"""
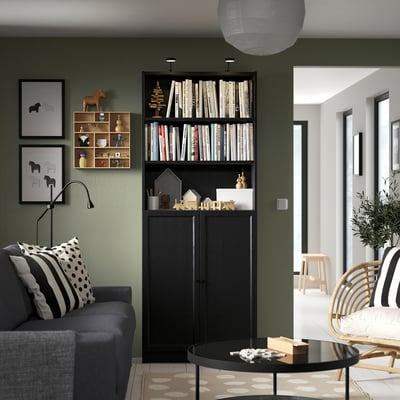 Modern living room: green walls, bookcase, grey sofa, coffee table, stylish lamps.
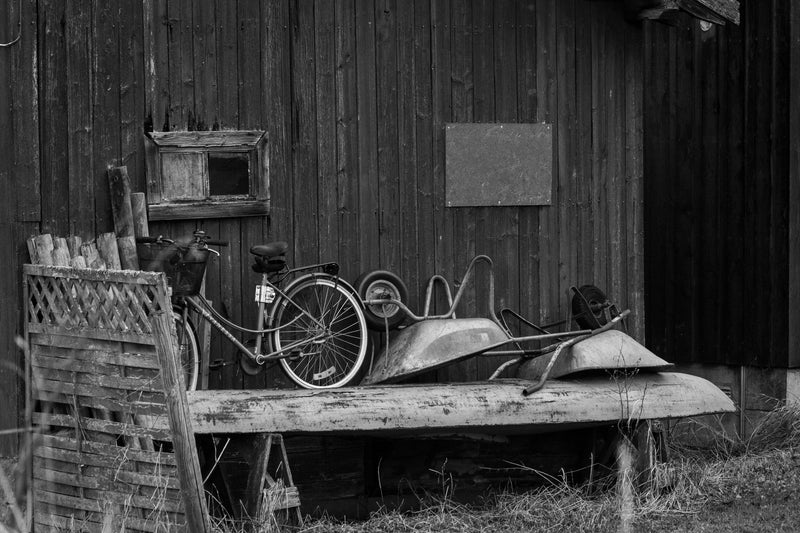 Black and white photo of a vintage bicycle and rusted wheelbarrow beside an old wooden shed.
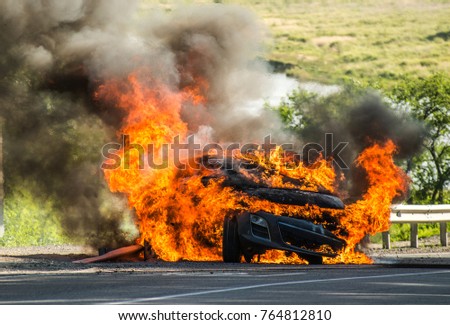 passenger car in a fire big fire, lots of smoke Royalty-Free Stock Photo #764812810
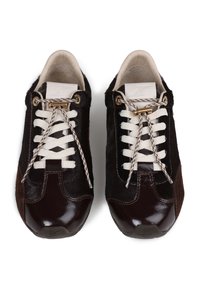 Dark brown sneakers with glossy patent leather and textured fur-like material, featuring cream laces and gold lace hardware accents.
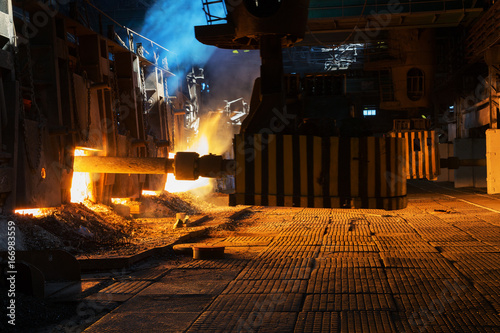 Obraz na plátně Loading of ore in the open-hearth furnace at a metallurgical plant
"""
• PROBLEM DETAILS: From the first line of the records through the line containing "passenger car in", please output exactly those lines and nothing more, leaving out the pictures.

• EXERCISE RESULT:
 Modern living room: green walls, bookcase, grey sofa, coffee table, stylish lamps.
 Black and white photo of a vintage bicycle and rusted wheelbarrow beside an old wooden shed.
 passenger car in a fire big fire, lots of smoke Royalty-Free Stock Photo #764812810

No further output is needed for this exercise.